CORRESPONDÊNCIA RECEBIDA

O ROGACIANO LEITE QUE EU CONHECI

Eu estava na porta de entrada da velha Gazeta de Notícias, (vibrante jornal editado em Fortaleza), quando, de súbito, chega Rogaciano Leite. Metido num elegante terno azul marinho, os óculos escuros protegendo-o da intensa claridade da manhã, o poeta, ainda do meio da rua, acenou para mim, convidando-me para assistir à morte de um gigante. Ao meu lado estava Lêda Maria, repórter como eu. Magricela, quase uma criança. Na verdade, uma agulhinha de gente. Lêda também foi convidada por Rogaciano e, assim, os dois, eu e ela, seguimos o poeta em direção ao gigante, que, segundo ele, agonizava. Confusos com aquela estranha história, fazíamos um tremendo esforço para acompanhar as passadas apressadas do poeta.

A Gazeta ficava ali no comecinho da rua Major Facundo, número 85, a dois passos do Passeio Público, também conhecido como Praça dos Mártires, alusão aos revolucionários da Confederação do Equador, executados naquele local, em 1825, pelas tropas imperiais. São estes os heróis republicanos tombados naquela longínqua data: Azevedo Bolão, Feliciano Carapinima, Francisco Ibiapina, Padre Mororó e Pessoa Anta. Esses personagens viraram nome de ruas e avenidas famosíssimas de Fortaleza. Cada rua, uma saudade. Cada saudade, uma volta ao passado. São lembranças marcantes que me acompanham desde os tempos de minha meninice. Voltemos à história do gigante.

O Passeio Público é um lugar belíssimo, divinamente arborizado. Fica numa parte elevada da cidade, de onde, à época, podia-se ver nitidamente a imensidão do Atlântico lá embaixo. Quando estávamos passando pela praça olhei fixamente para o mar e notei que Deus acabara de estender sobre as ondas encrespadas uma gigantesca esteira de rendas alvíssimas. As escumas saltavam sobre a crista das ondas azuis tingidas de sol. A mistura das cores explodia com a força frenética de um poema de Baudelaire ou de um galope à beira-mar improvisado pelo próprio Rogaciano. Diante de tanto alumbramento cheguei a imaginar por alguns instantes que o bramido das ondas era o grito do gigante se afogando nas profundezas do mar.
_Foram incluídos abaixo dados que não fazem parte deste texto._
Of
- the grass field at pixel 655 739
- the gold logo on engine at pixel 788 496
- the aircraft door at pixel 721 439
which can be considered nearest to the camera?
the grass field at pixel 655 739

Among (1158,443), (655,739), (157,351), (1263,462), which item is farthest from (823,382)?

Meu amigo poeta tomou o rumo da Santa Casa de Misericórdia, deixando para trás a pequena floresta erguida ao longo da praça. As sombras dos baobás centenários e frondejantes se alongavam por quase todo o logradouro e por alguns instantes serviram de guarda-sol para nossas cabeças. Quando, enfim, chegamos à Santa Casa encontramos o gigante prostrado numa cama velha de ferro, estreita, desconfortável, que mal cabia seu corpo. Até aquele momento Rogaciano não havia nos revelado nada sobre a identidade do gigante. Ah, ia esquecendo de um detalhe importante: no trajeto para a Santa Casa, enquanto caminhávamos, o poeta falava que o gigante estava morrendo à míngua. E que iria fazer uma matéria denunciando o descaso das autoridades, exatamente pelo fato de elas terem deixado o gigante abandonado, em total estado de penúria.

Na Santa Casa já nos esperava o Eusélio Oliveira, nosso amigo e talentoso cineasta. Em dado momento Rogaciano mirou as feições moribundas do homem prostrado na cama e disparou: eis aí o gigante. Eis aí o Cego Aderaldo, o maior poeta popular do Brasil. O homem era mesmo grandão, gigante no tamanho e no talento. Tombado sobre aquela cama de ferro, ele trazia pelo corpo alquebrado e inerte a mão da morte preparando-lhe a extrema-unção.

Sua tez era pálida como um girassol machucado caído ao rés do chão. Respirava com dificuldade e não dava conta de nossa presença. Estava em estado vegetativo. Nós nos posicionamos na beira da cama. E ali permanecemos por muito tempo a refletir acerca da longa vida do poeta cego. Durante toda a sua existência de bardo repentista ele enxergou o mundo com os olhos afiados da alma As imagens daquele histórico momento iriam ficar registradas para sempre em minha mente. Rogaciano lembrou que era também importante registrá-las na memória de sua ágil máquina fotográfica. Uma maquinazinha chique, automática, avançadíssima para a época. Ele a pegou com bastante carinho e a colocou delicadamente em cima de uma mesa próxima à cama onde estava Cego Aderaldo.

Em seguida, correu para se juntar a nós: eu, Lêda e Eusélio. Clic, clic, solitária no seu canto, a máquina ia trabalhando soberbamente. Rogaciano pediu para eu segurar um dos braços de Aderaldo. Além de inerte, o braço estava frio como uma pedra de gelo. Antes de fazer as fotos, o poeta/jornalista teve o cuidado de colocar os óculos escuros para proteger os olhos cegos do poeta. Depois de uns dias recebi as fotos. Um monte delas. À medida que o tempo passava a coleção ia emagrecendo, pois toda vez que alguém me pedia uma cópia eu jamais negava, até que um dia vi que não tinha mais uma só foto em minhas bagunçadas gavetas. Isto me machucou muito.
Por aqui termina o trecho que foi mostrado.